Conceptual Structure of a CGNS Database

Although the physical structure of a CGNS file in storage is (or should be) of little concern to users of CGNS, an understanding of its logical or conceptual structure is essential. This structure determines its suitability for the type of data at hand and is reflected in all of the low-level database access routines.

A CGNS file consists entirely of a collection of elements called nodes. These nodes are arranged in a tree structure which is logically similar to a UNIX file system. The nodes are said to be connected in a “child-parent” relationship according to the following simple rules:

  1. Each node may have any number of child nodes.

  2. Except for one node, called the root, each node is the child of exactly one other node, called its parent.

  3. The root node has no parent.

Every node in a CGNS file has exactly the same internal structure. Each node contains identifying information, pointers to any children, and, optionally, data.

When a CGNS file is opened (by the appropriate database manager), information is returned to the calling program which is sufficient to access the root node. It is then the responsibility of the program to search the tree for whatever information is required, or to add to the tree any information it wishes to store.

There is a special kind of node called a link, which serves as a pointer to a node in another CGNS file, or in another part of the same CGNS file. The tree structure at and below the node to which the link points is available as if that node were present instead of the link. This allows a CGNS file to span multiple physical files, and also allows a portion of one CGNS file to be referenced by several other CGNS files.

The Structure of a Node

The File Mapping specifies not only the location of the node at which a particular kind of data is to be stored, but also how the internal structure of the node is to be used. Each node contains a number of fields into which data may be recorded. They are:

In addition, two other entities associated with the nodes are provided by the database manager itself. These are:

The Node Name

The node Name is a 32-byte character field which is user controllable. Its general use is to distinguish among the children of a given node; consequently, no two children of the same parent may have the same Name.

The Name may be left to the choice of the user, or it may be specified by the SIDS. At the levels of the tree nearest the root, the (end-)user is free to set the Name to distinguish among like objects in the case at hand. For example, in a multizone problem, nodes associated with different zones might be named “UnderLeftWing” or “AboveForwardFuselage”. At this level, it is generally not possible to identify a collection of names which are likely to recur. This means that the naming of high level objects does not require standardization, and the SIDS are silent regarding the naming convention.

Because every node must be given a name when it is opened, default names, based on the node Label, are provided by convention. The CGNS Midlevel Library will record the default names if none is provided by the user. The precise formula is given in the Label section below.

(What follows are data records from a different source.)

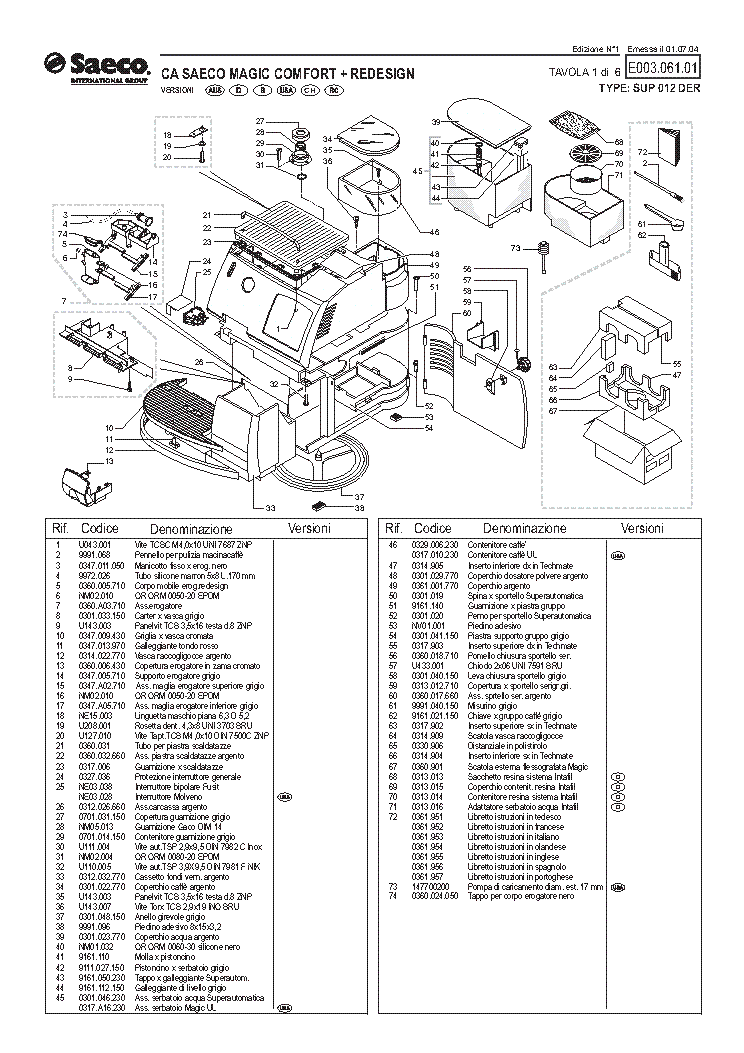 CCFA-200 Exam Questions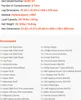 A list of product specifications and accessories for a cabinet. Náhled obrázku produktu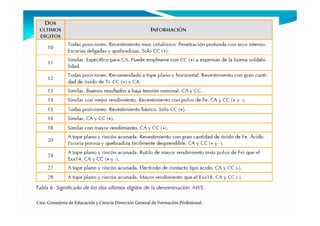 Cita: Consejería de Educación y Ciencia Dirección General de Formación Profesional.
 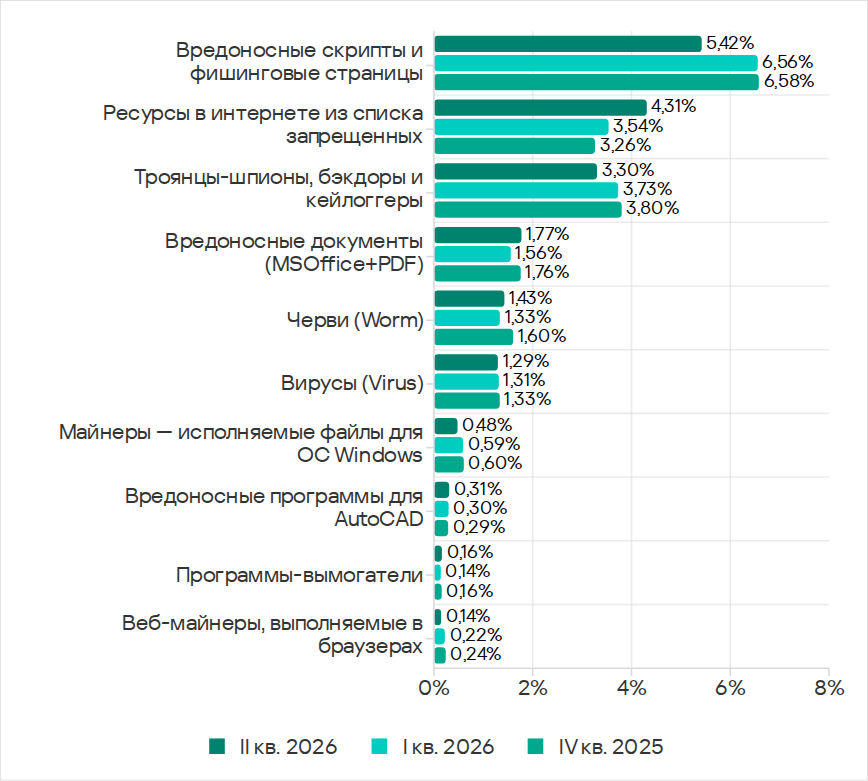 Доля компьютеров АСУ, на которых была предотвращена активность вредоносных объектов различных категорий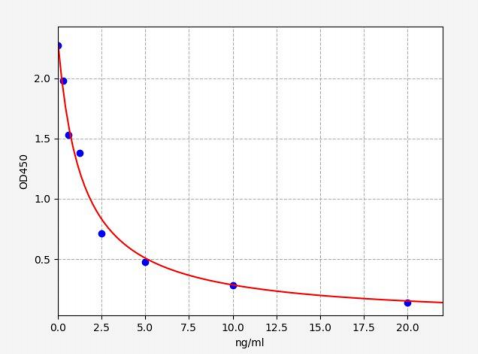 人AP-1复合体亚基mu-1(AP1M1)ELISA试剂盒 YB70156Hu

At levels of the tree farther from the root, the SIDS often specify the name. There is, for example, a commonly encountered collection of flow variables whose general meaning is widely understood. In this case, standardizing the name conveys precise information. Thus the SIDS specify, for instance, that a node containing static internal energy per unit mass should have the Name “EnergyInternal”. Adherence to these naming conventions guarantees uniform meaning of the data from site to site and user to user. Of course, there may be a desire to store quantities for which no naming convention is specified. In this case any suitable name can be used, but there is no guarantee of proper interpretation by anyone unaware of the choice.

The Label

The Label is a 32-byte character field which is used to identify the structure of the included data. It is common for the various children of a single parent to store different instances of the same structure. Therefore, there is no prohibition against more than one child of the same parent having the same Label.

Within CGNS, nearly all labels reflect C-style type definitions (“typedefs”) specified by the SIDS, and end in the characters “_t”. Some “Leaf” nodes (i.e. nodes that have no children) do not represent higher level CGNS structures and therefore have labels that do not follow the “_t” convention. At this writing, all such nodes have the type int[], i.e., integer array, a type already recognized in C, for which a separate type definition would be artificial. Such nodes are generally located by the software through their names, which are specified by the SIDS, rather than through their labels.

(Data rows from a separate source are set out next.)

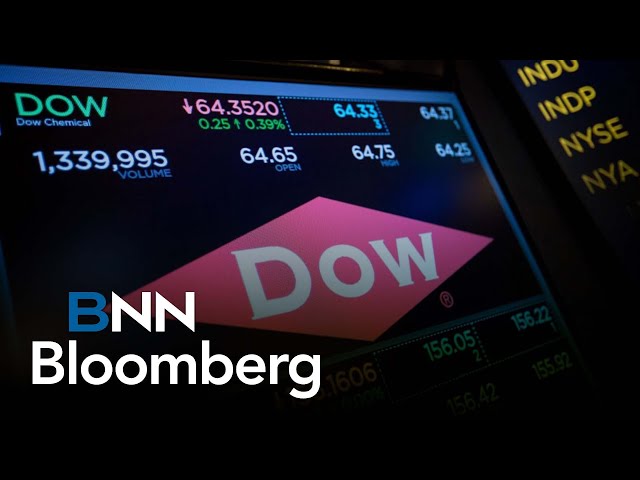 ⁣Dow tumbles nearly 400 points today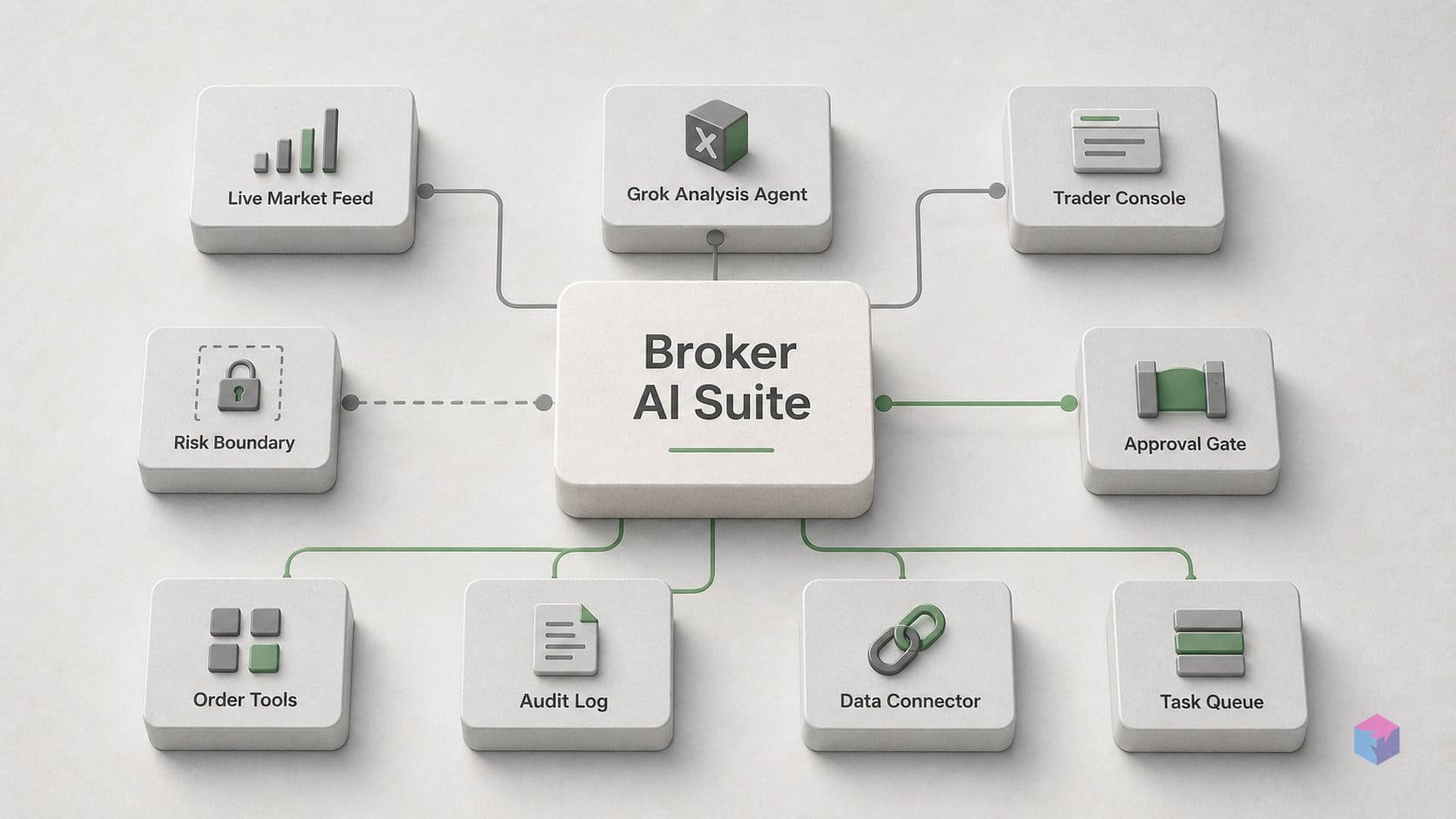 Grok joins IBKR's AI suite — the 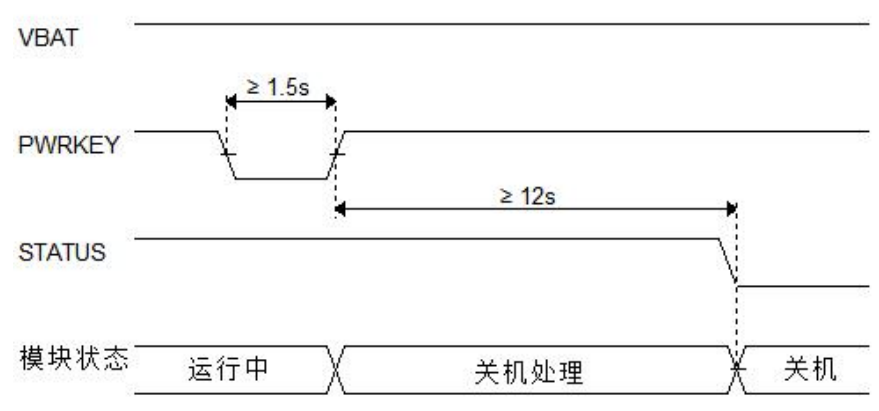 低功耗模块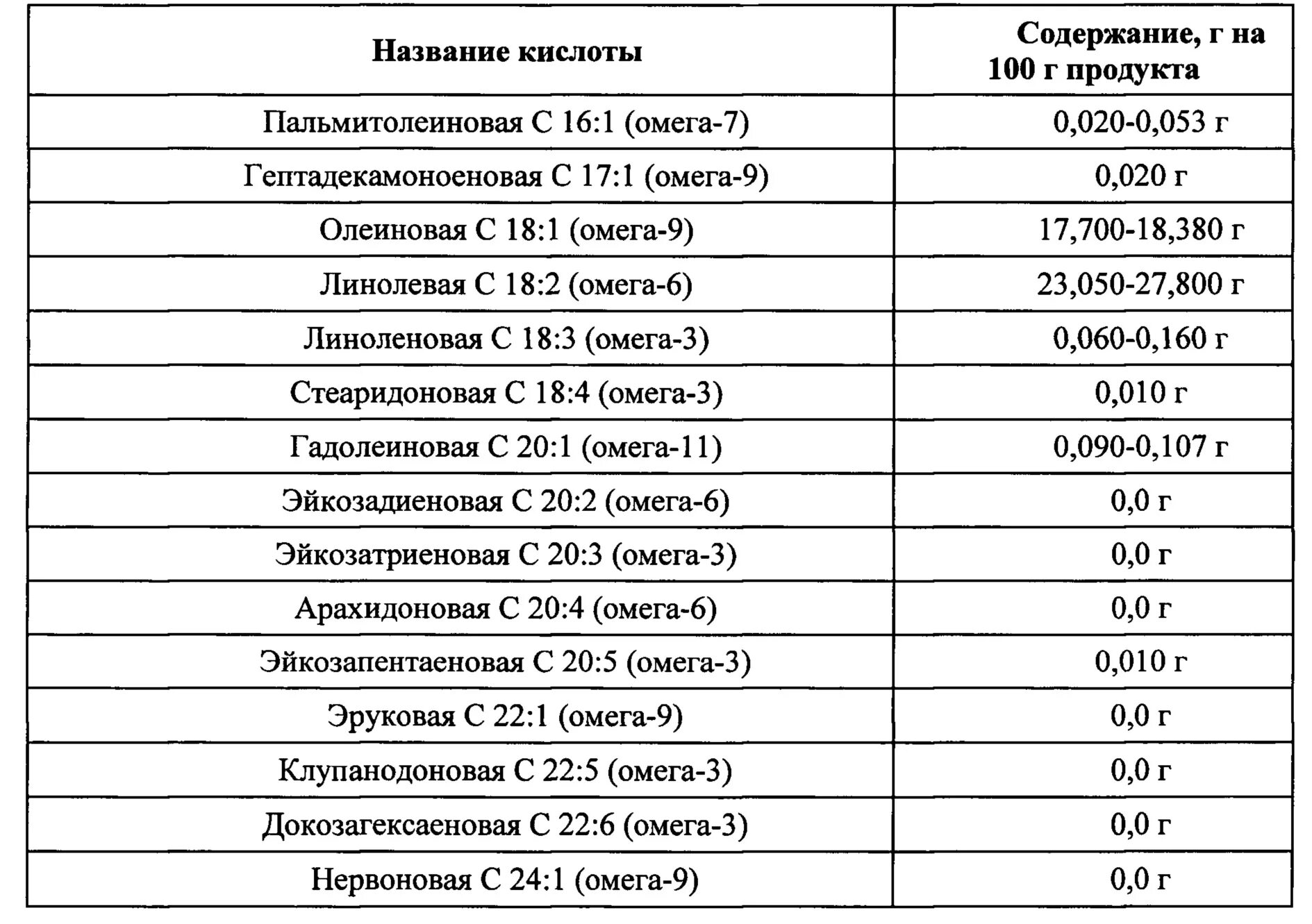 Кислотно содержащие кислоты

The Label generally indicates the role of the data at and below the node in the context of CFD. Nodes which are entry points to data for a particular zone, for example, have the Label “Zone_t”.

Parent nodes often have a number of children each containing data for different instances of the same structure. Multiple children of the same parent therefore often have the same Label. It is customary for software to conduct searches which depend on the Label, e.g., to determine the number of zones in a problem. The software will fail if the conventions regarding Labels are not observed.

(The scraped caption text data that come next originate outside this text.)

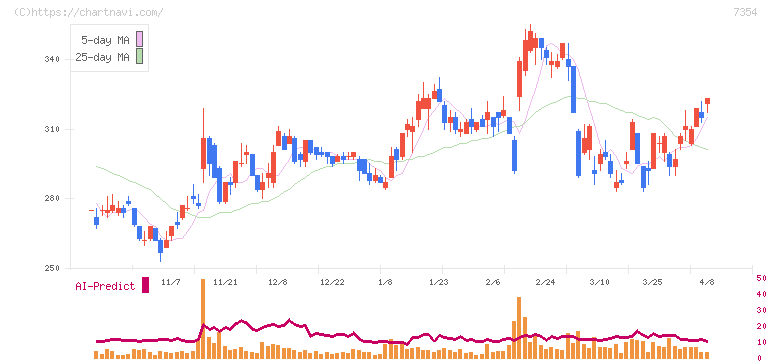 ダイレクトマーケティングミックス(7354)の日足チャート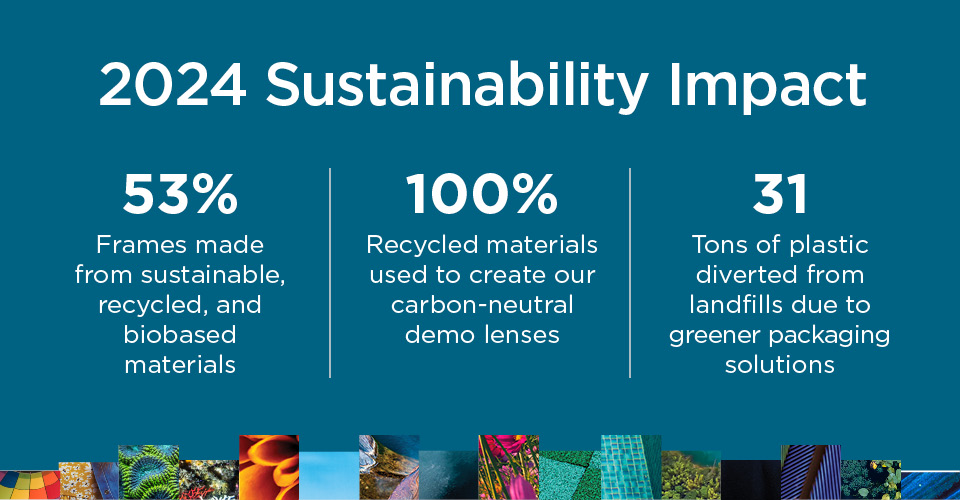 White text on a medium blue-green background that says, "2024 Sustainability Impact: 53% frames made from sustainable, recycled, and biobased materials; 100% recycled materials used to create our carbon-neutral demo lenses; 31 tons of plastic diverted from landfills due to greener packaging solutions." 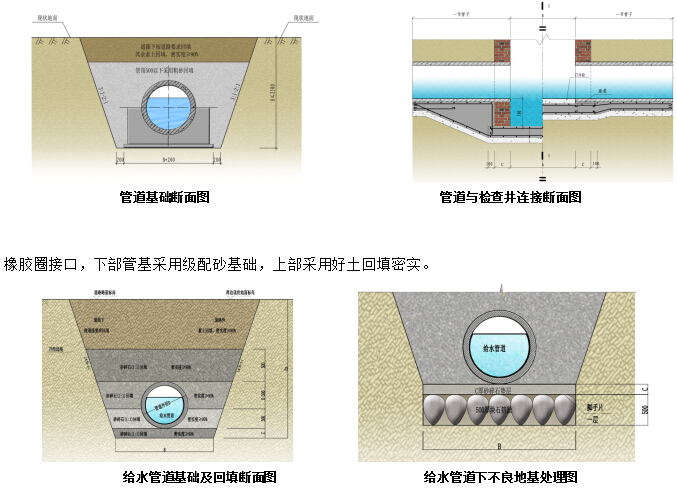 城市快速路拼宽提升改造工程设计技术投标文件93页（方案效果图、CAD图171张）-管线接口及基础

Labels are also used to build default node Names. These are derived from the Label by dropping the characters “_t” and substituting the smallest positive integer resulting in a unique name among children of the same parent. For example, the first default Name for a node of type Zone_t will be “Zone1”; the second will be “Zone2”; and so on.

The Data Type

The Data Type is a 2-byte character field which specifies the type and precision of any data which is stored in the data field. The data types allowed by CGNS are:

Data Type

Notation

No Data

MT

Link

LK

Character

C1

Byte

B1

Integer 32

I4

Integer 64

I8

Unsigned Integer 32

U4

Unsigned Integer 64

U8

Real 32

R4

Real 64

R8

Complex 64

X4

Complex 128

X8

The MT node contains no data, thus the number of dimensions and dimension values are ignored. This node is typically used as a container for children nodes.

The LK node is a link to a node within within the current or an external database. The actual data stored with the node is a file name and node path name to the link (as C1 data). This information is available only through the core link access routines. A normal read of a LK node will will return the node properties (with the exception of the Name) from the linked-to node.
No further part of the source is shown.